The film includes accounts of other suspected war crimes. A Libyan farmer describes how mercenaries kidnapped his father and three brothers and later gunned them down. This eyewitness survived by playing dead but managed to glimpse the killers. His testimony, together with footage of Wagner fighters, allows the BBC to identify one suspected killer – a mercenary previously accused of executing Ukrainian prisoners in the Donbass conflict.
The killing of prisoners is also a war crime. Mohammed, a young veteran from Libya’s government forces, recounts how his soldiers were overwhelmed by Russian fighters who were better equipped and more professionally trained. He explains how his men tried to surrender, only to be gunned down in cold blood. Four of them are still missing, presumed to have been executed by Wagner mercenaries.
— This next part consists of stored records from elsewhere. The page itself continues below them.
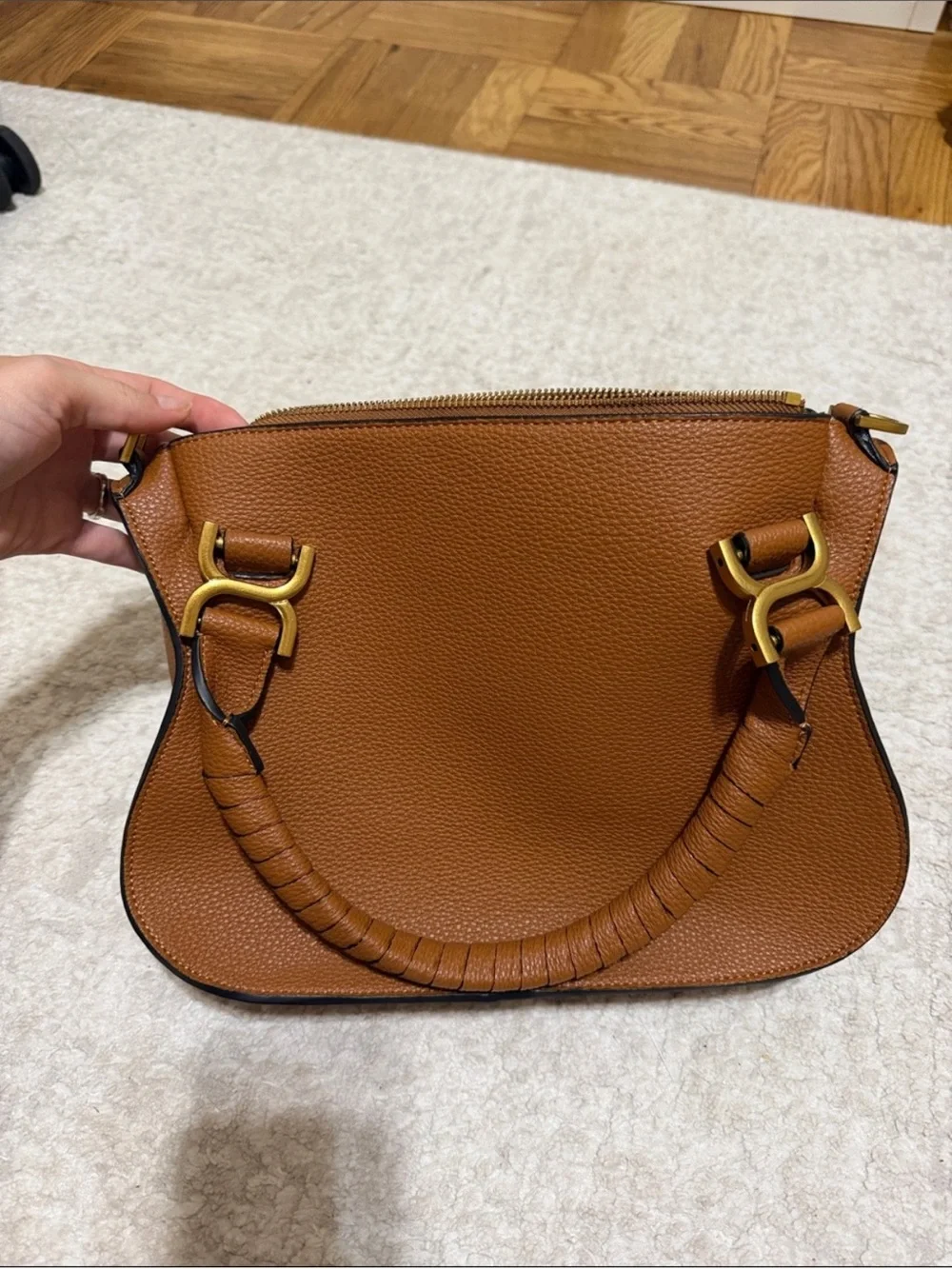 Chloe Marcie Leather Satchel Bag in Tan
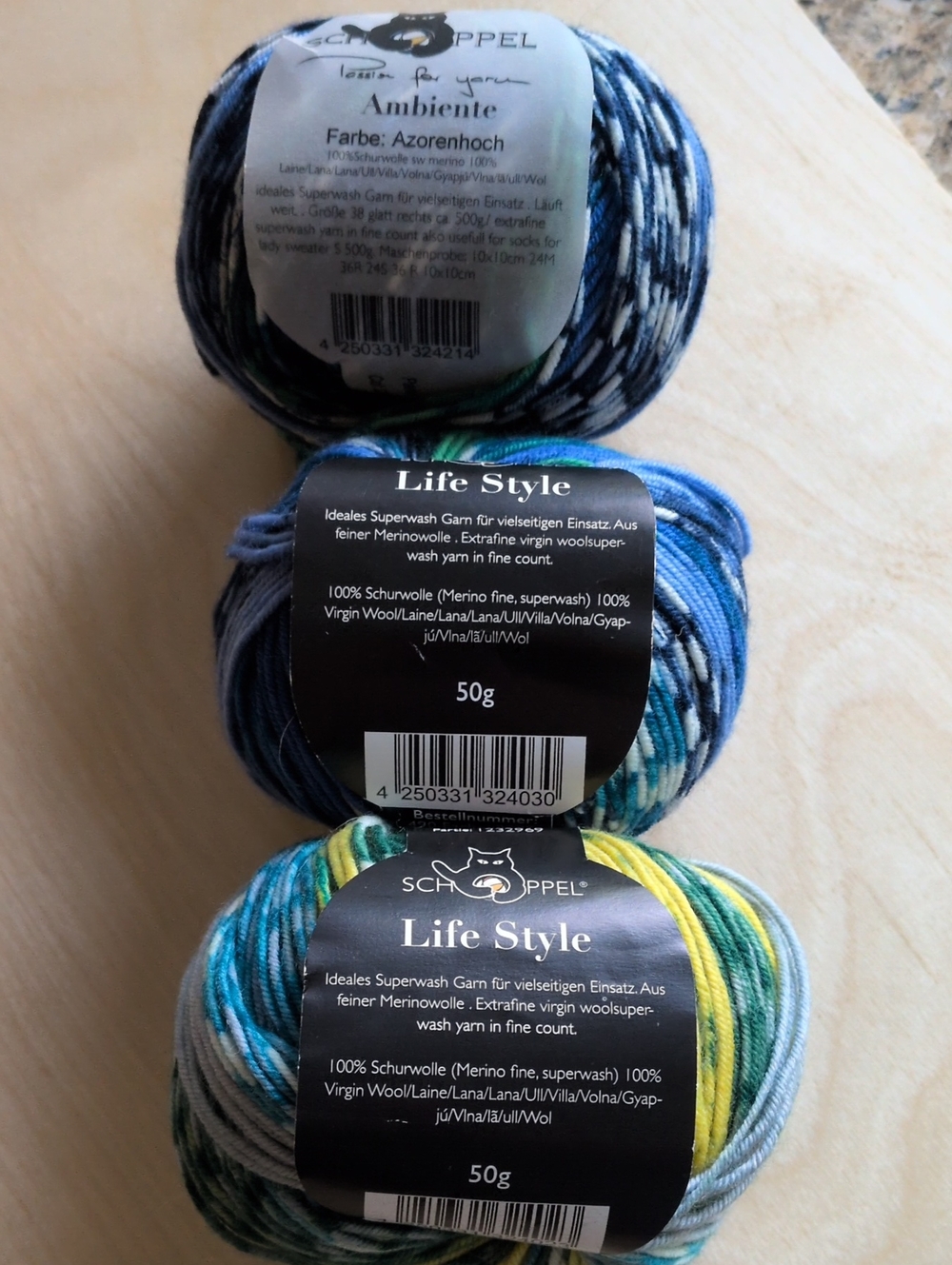 3 Skeins "Ambiente" Schoppel Sport Weight Yarn Dana's Destash!, - Picture 8 of 8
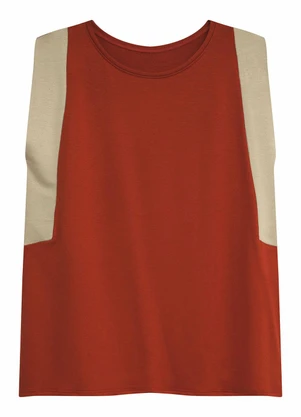 Malwee - Blusa Reta em Moletinho com Recorte Terracota - MALWEE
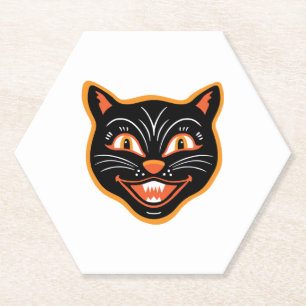 Porta-copo De Papel Adesivo de Gato Preto Vintage de Halloween Hallowe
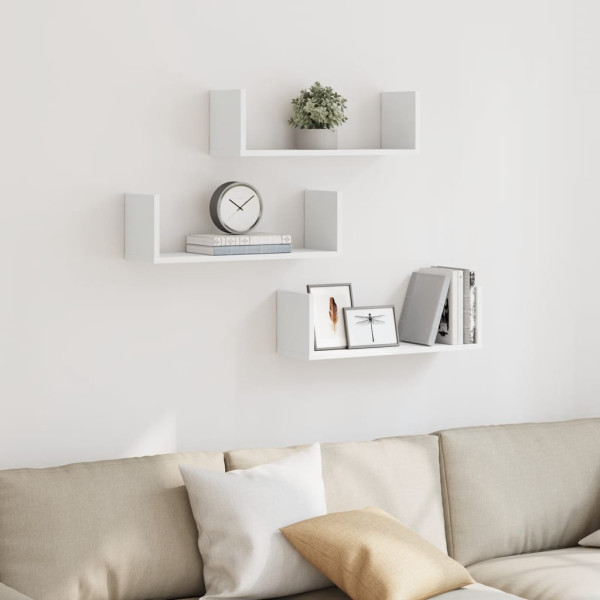 Estantes de pared 2 uds madera ingeniería blanca 58x18x18 cm M 3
The BBC has obtained documents linking Wagner’s mercenaries in Libya to Evropolis, a Russian company reported to be a beneficiary of contracts for oil and gas field developments in Syria. Evgeny Prigozhin, a Russian oligarch under US sanctions, has been linked to both Evropolis and Wagner by the Russian media and foreign intelligence sources. He denies these connections.
One of the documents is a request for military equipment for Wagner’s continued operations in Libya. It was addressed to an unnamed Director General, believed to be Prigozhin. A military analyst tells the BBC how the document suggests that, contrary to official Russian denials, such state-of-the-art technology would only be available from the Russian military.